According to Nick Winsor, his doctors didn’t want him to run or play soccer with a broken arm. So, when he went out for the cross-country team at West Forsyth neither he nor Coach Nathan Newsome of West Forsyth knew each other.
“He didn’t really know much about my times from middle school because I didn’t run eighth-grade year,” Nick Winsor said. “So, he just wanted to see like how much potential I had.”
Despite picking up running relatively late, it can be a wait-and-see process.
“I think a lot of kids, you know, kind of, it’s not like Little League baseball or soccer or football or whatever. They don’t really get exposed to it, especially on the distance level,” Newsome said. “I’ll get sprinters and jumpers that do AAU. I think it’s a much more popular type of an event, quite honestly.
“I think there’s a lot of those kids that don’t do a whole lot of prep work. They just pop out there and run the 100(-meter). You know, it is what it is. You do what you can do. But distance runner is a little more of a different animal.”
Newsome has had plenty of experience with developing green runners into seasoned runners.
“When we get those kids that come, I would say with most middle schoolers, and I don’t really know if private school, I would differentiate from or not,” Newsome said. “But most middle schoolers, unless I happen to know some back story, they usually come to us with a very abbreviated training regimen. They’re not used to running a whole lot.”
That was certainly the case with Nick Winsor after having not run in about a year after breaking his arm in eighth-grade.
“It was kind of tough, but being like an athletic person, it didn’t take that long to get used to it,” Nick Winsor said.
Nick Winsor said he ran most of the summer of 2023 to get his strength and conditioning back to prepare to run in high school.
According to Athletic.net, Nick Winsor ran Friday Night Lights last year, which was one of the first big 5-K (3.2 miles) events of his freshman year, he ran 18:52.1.
“A lot of times, kids don’t know what they’re good at until they, you know, until they have a chance, you know, for it to kind of occur,” Newsome said. “So, as the season progressed last year, and we try to ease them into it so they get overuse injury.
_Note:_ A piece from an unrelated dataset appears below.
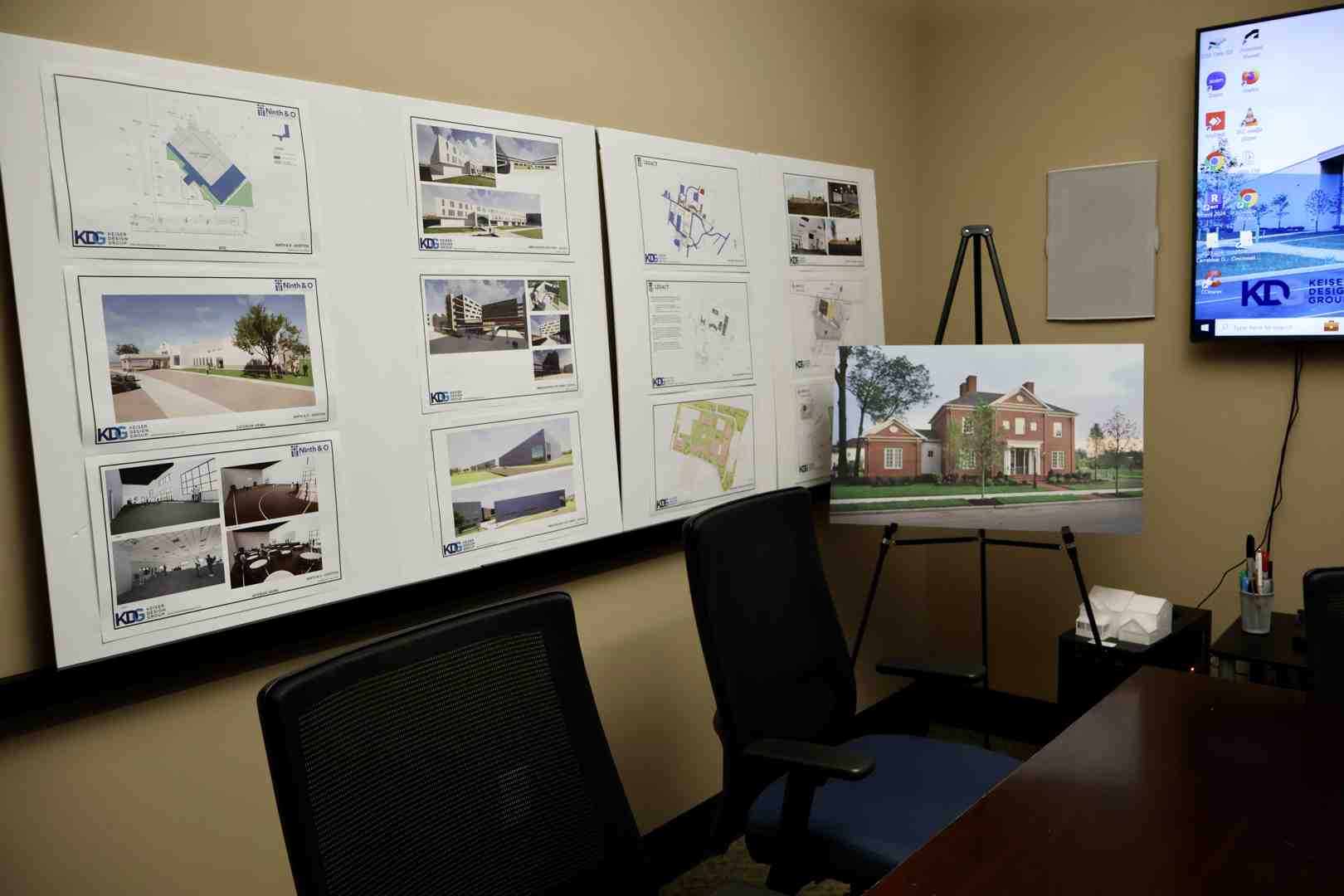 an architect and client reviewing blueprints and material samples in a design studio - residential architect services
But it’s a fine rope to walk, so to speak.”
It was a slow process, but Nick Winsor progressed last season as a freshman.
“You know, I remember him getting better, and him starting to show some flashes of improvement,” Newsome said.
In his first race last year as a freshman on Aug. 19, Nick Winsor ran in the Highway 24 Light up Night, which is a 3K. According to Athletic.net, he ran 12:02.0.
“He finally comes back and doesn’t do a whole lot of mileage (after breaking his arm). You know, he hadn’t done a whole lot,” Newsome said. “And we go to the first race and he’s feraking amazing. It was like, ‘Holy moley.’”
Nick Winsor continued to improve. Again, according to Athletic.net, he ran in the adidas XC Invitational in Cary last year just eight days after Friday Night Lights, and finished at 18:33.3.
He even improved upon that time. On Oct. 7 of last year at the Wendy’s Invitational at McAlpine Park in Charlotte, he ran 18:26.7.
“I wasn’t that pleased,” Nick Winsor said. “I thought I had a lot more potential, but I just hadn’t unlocked it yet. I felt like I was pretty mediocre. It was just like an average time I would say.”
And don’t forget, one of the driving forces for Nick Winsor was his twin brother.
“We’re definitely competitive,” Nick Winsor said.
Although not identical twins, Nick Winsor said they’re close.
“We have the same friend group, so we’re around each other a lot,” Nick Winsor said. “It’s fine. It’s convenient, just having someone I know to be around.”
Noah Winsor was born two minutes before Nick. There is also a 10-year-old brother named Luke and a 13-year-old sister named Kate, who are both students at Redeemer.
“It definitely brings out my competitive side,” Nick Winsor said. “I’d say I’m pretty competitive, always wanting to one-up someone. It definitely goes both ways with being able to push each other and bring out the best in us.”
It didn’t really help the end of last season. According to Newsome, Nick Winsor had a calf injury, which may have contributed his finishing 18:58.6 in last year’s NCHSAA Class 4-A Midwest Regional at Ivey M. Redmon Sports Complex in Kernersville.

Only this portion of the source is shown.